Publié le Communiqués de presse

L’équipe « Myopathies inflammatoires et thérapies innovantes ciblées »  de l’Institut de Myologie à l’hôpital Pitié-Salpêtrière, AP-HP, dirigée par le Pr Olivier Benveniste, a mis en évidence une nouvelle classification des myosites, maladies inflammatoires du muscle. Désormais, 4 nouveaux types de myosites, prenant en compte tous les critères cliniques des patients, sont définis. Ces travaux impliquant des équipes de recherche de l’Institut de Myologie, de l’Inserm, de l’AP-HP et de Sorbonne Université, publiés ce jour dans la revue JAMA, ouvrent la voie à un diagnostic fiable et à des traitements personnalisés.

Les myosites (ou myopathies inflammatoires) constituent un groupe de maladies rares auto-immunes du muscle, c'est-à-dire des maladies dans lesquelles le système immunitaire, chargé de protéger l’organisme contre des attaques extérieures (microbe, virus…), se dérègle et s’attaque à l'organisme (ici le muscle). Elles concernent entre 3 000 et 5 000 adultes et enfants en France.

Si toutes les myosites ont une composante auto-immune, chacune possède des mécanismes de déclenchement qui lui sont propres. Jusqu’à présent, la classification identifiait 3 types de myosites (polymyosite, dermatomyosite, myosite à inclusions) selon un système de classification établi en 1975 puis mis à jour en 2017 (critères ACR,/EULAR des Rhumatologues) et fondé essentiellement sur des critères cliniques et histologiques. Le Pr Olivier Benveniste, responsable de l’équipe « Myopathies inflammatoires et thérapies innovantes ciblées » à l’Institut de Myologie, suivant quotidiennement des patients depuis 20 années à l’hôpital Pitié-Salpêtrière, AP-HP, a identifié des erreurs diagnostiques graves liées à cette classification incomplète et, de fait, non-homogène, de ces pathologies générant parfois même des erreurs dans le traitement donné aux patients. Certains patients diagnostiqués par erreur comme ayant une myosite à inclusions ont pu être ainsi traités avec une forte dose de corticoïdes alors que ces derniers aggravent leur état.

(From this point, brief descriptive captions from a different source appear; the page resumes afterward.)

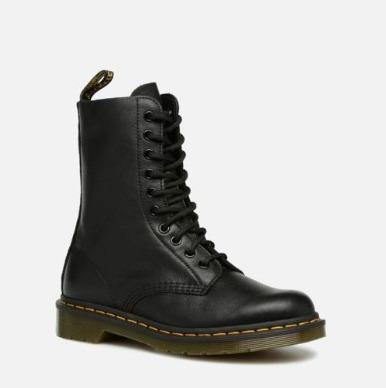 Dr.Martens1490马丁靴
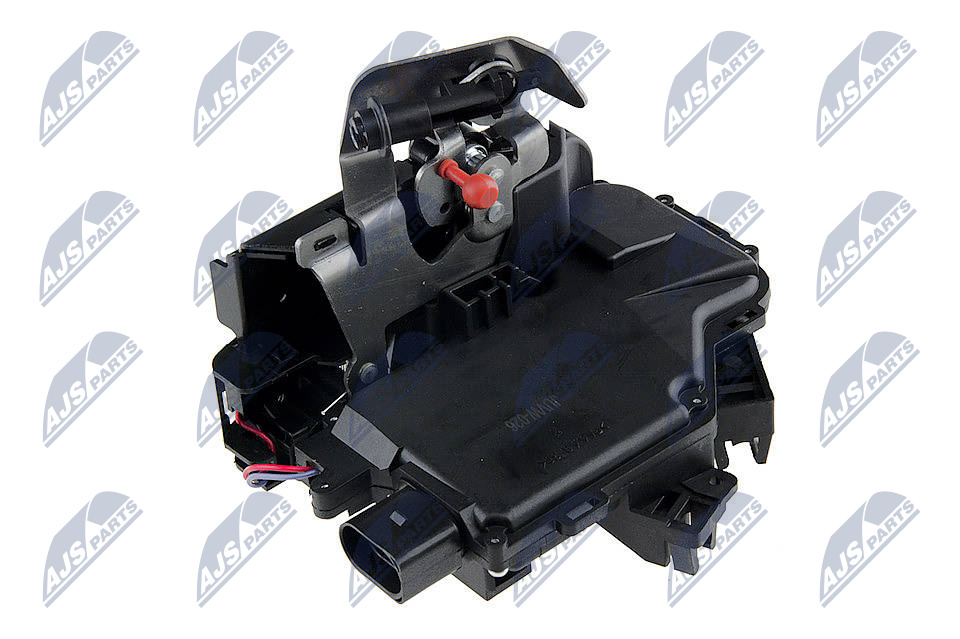 EZC-VW-026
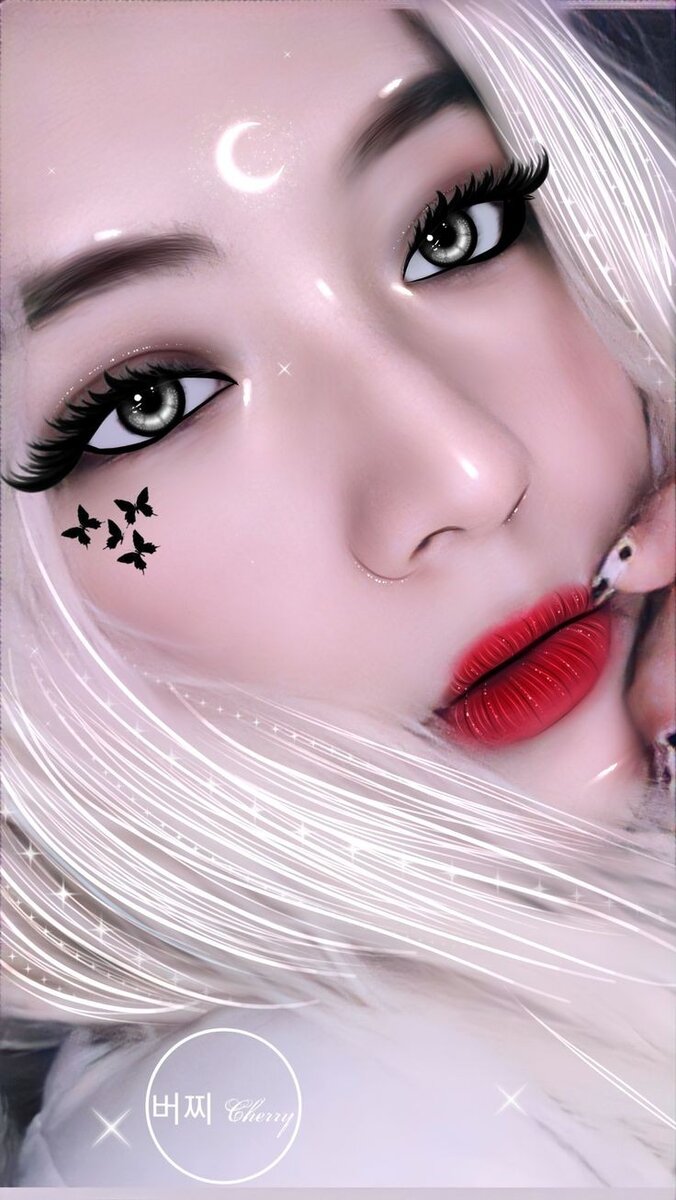 #топ5 #гороскоп #знакизодиака #астрологи 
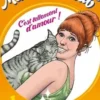 Maharadchat : C'est tellement d'amour !, Wilfrid Lupano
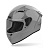 Airoh Мотошлем Connor Color Cement Grey Gloss в Калуге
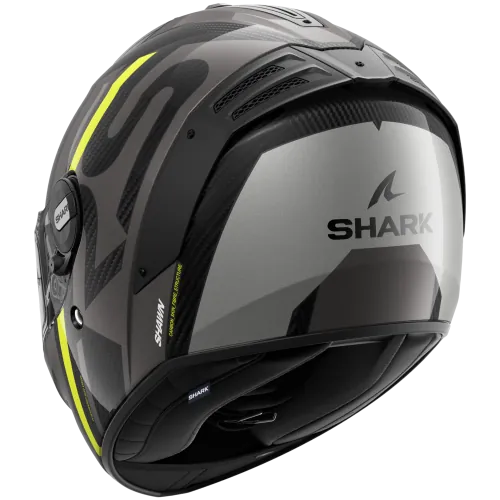 shark-race-road-integral-motorcycle-helmet-spartan-rs-carbon-shawn-skin-carbon-yellow-anthracite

C’est pourquoi, avec son équipe et en collaboration avec le centre de référence des maladies neuromusculaires de l’Institut de Myologie, il a lancé une étude sur 260 patients dont il a recueilli et analysé toutes les caractéristiques cliniques et notamment la présence d’auto-anticorps, parfois causes ou conséquences de la maladie. Par des méthodes statistiques innovantes et sans a priori, c’est à dire l’algorithme mathématique agrège les patients qui se ressemblent (analyse en cluster) sans intervention des chercheurs,  ces derniers ont mis en évidence une nouvelle classification avec 4 grands types de myosites : myosite à inclusions, dermatomyosite, myopathie nécrosante auto-immune, syndrome des anti-synthétases (les polymyosites ne constituant plus un type de myosite en tant que tel).

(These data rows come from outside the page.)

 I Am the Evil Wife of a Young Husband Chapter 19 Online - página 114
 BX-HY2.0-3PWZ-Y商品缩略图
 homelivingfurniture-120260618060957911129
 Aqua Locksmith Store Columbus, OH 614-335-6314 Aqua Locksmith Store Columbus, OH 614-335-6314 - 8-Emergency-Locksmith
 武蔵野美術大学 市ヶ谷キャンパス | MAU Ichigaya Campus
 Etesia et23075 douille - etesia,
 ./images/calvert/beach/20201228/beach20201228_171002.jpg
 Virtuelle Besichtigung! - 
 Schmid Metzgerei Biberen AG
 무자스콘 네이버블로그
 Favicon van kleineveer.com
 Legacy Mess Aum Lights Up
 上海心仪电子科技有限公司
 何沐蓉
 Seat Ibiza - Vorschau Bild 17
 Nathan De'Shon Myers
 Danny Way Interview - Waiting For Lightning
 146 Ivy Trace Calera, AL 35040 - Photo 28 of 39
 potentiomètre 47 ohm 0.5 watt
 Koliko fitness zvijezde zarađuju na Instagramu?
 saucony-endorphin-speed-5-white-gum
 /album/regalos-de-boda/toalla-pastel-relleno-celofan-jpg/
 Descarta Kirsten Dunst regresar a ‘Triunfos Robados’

Caractéristiques des 4 types :

Myosite à inclusions : Cette myosite affecte plus souvent les hommes de plus de 60 ans. Elle est lentement progressive mais induit finalement un déficit moteur très handicapant. Elle touche plus particulièrement les quadriceps (muscle des cuisses qui servent à monter les escaliers, se relever d’une chaise, être stable à la marche…), les muscles qui servent à fermer et serrer les mains et les muscles de la déglutition. Cette maladie résiste aux traitements immunosuppresseurs classiques comme les corticoïdes. Elle est due à la présence dans le muscle d’une réaction inflammatoire (la myosite) et d’un processus neurodégénératif apparenté à la maladie d’Alzheimer (donnant les inclusions).

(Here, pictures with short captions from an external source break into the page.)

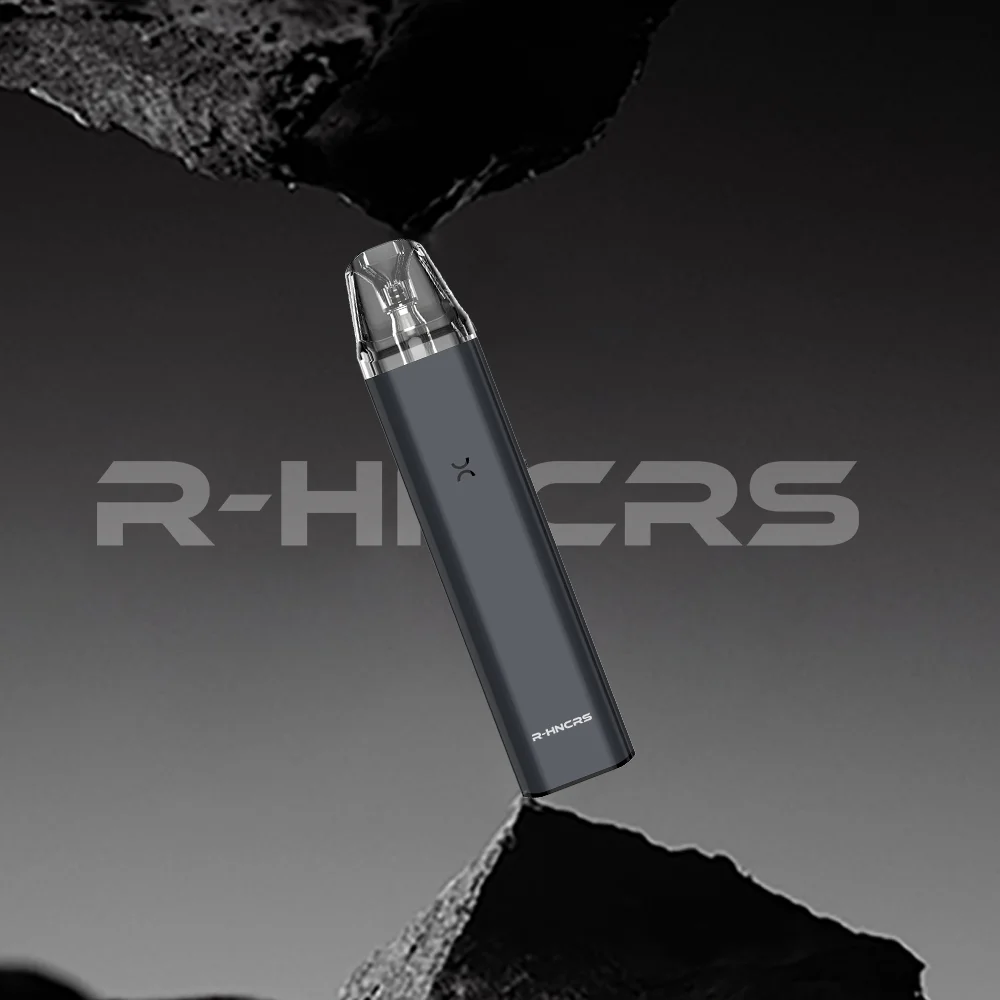 R-HNCRS 小蠻牛通用主機 - 图片 2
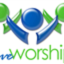 images/2020/04/Liveworship.png}}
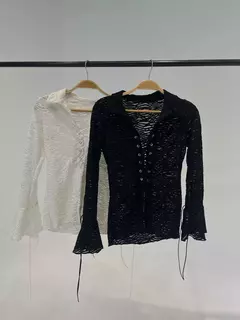 Camisa Aura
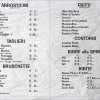 menu arrosticiamo arrosticini pety int
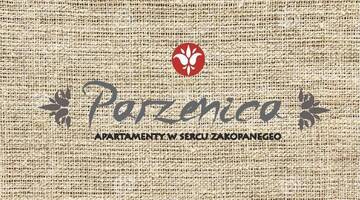 Фото номера Апартаменты с 2 спальнями Апартаменты Apartament Parzenica Zakopane г. Закопане 36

Dermatomyosite : Elle touche plus souvent les femmes. Les enfants peuvent être atteints. Un risque de cancer associé apparait chez les sujets les plus âgés (généralement après 60 ans). Outre la myosite avec qui entraine une faiblesse musculaire prédominante aux épaules, cette maladie est caractérisée par la présence de lésions dermatologiques typiques. Cette maladie est due à un dérèglement du système immunitaire mettant en jeu l’interféron de type 1 qui permet de se défendre contre les virus. De nouveaux traitements ciblant spécifiquement cette voie de l’interféron sont en cours de développement. Les anticorps spécifiques des dermatomyosites sont les anti-Mi2, anti-SAE, anti-NXP2, ou anti-TIF1gamma.

Myopathie nécrosante auto-immune : Il s’agit d’une atteinte purement musculaire touchant les patients de tout âge. C’est la myosite qui en l’absence de traitement conduit à l’atrophie musculaire la plus sévère et handicapante. Cette maladie est liée à la présence de deux anticorps spécifiques anti-SRP ou anti-HMGCR qui attaquent et détruisent directement les muscles. Les anti-HMGCR peuvent apparaitre après la prise de statines. Le traitement vise ici à faire disparaitre ces anticorps.

Syndrome des anti-synthétases : Cette maladie touche le muscle mais aussi les articulations (donnant un rhumatisme), et les poumons (donnant un essoufflement parfois sévère). Ici aussi, certains anticorps semblent responsables. Il s’agit des anti-Jo1, anti-PL7 ou anti-PL12.

Cette nouvelle classification est déterminante pour poser un diagnostic et proposer un traitement personnalisé aux malades.

« Nous nous sommes rendu compte que la classification actuelle des myosites n’était pas adaptée et pouvait souvent conduire à l’échec d’un traitement potentiel en raison de groupes de patients non-homogènes dans un même essai. Notre but était donc de définir une classification fondée des critères phénotypiques, biologiques et immunologiques afin de pouvoir mieux diagnostiquer les différents types de myosites et de trouver, à terme, des traitements adaptés pour les malades. Cette nouvelle classification devient une référence puisque même la FDA, qui utilisait jusqu’alors la classification américaine, recommande de se baser sur nos travaux. » explique le Pr Benveniste.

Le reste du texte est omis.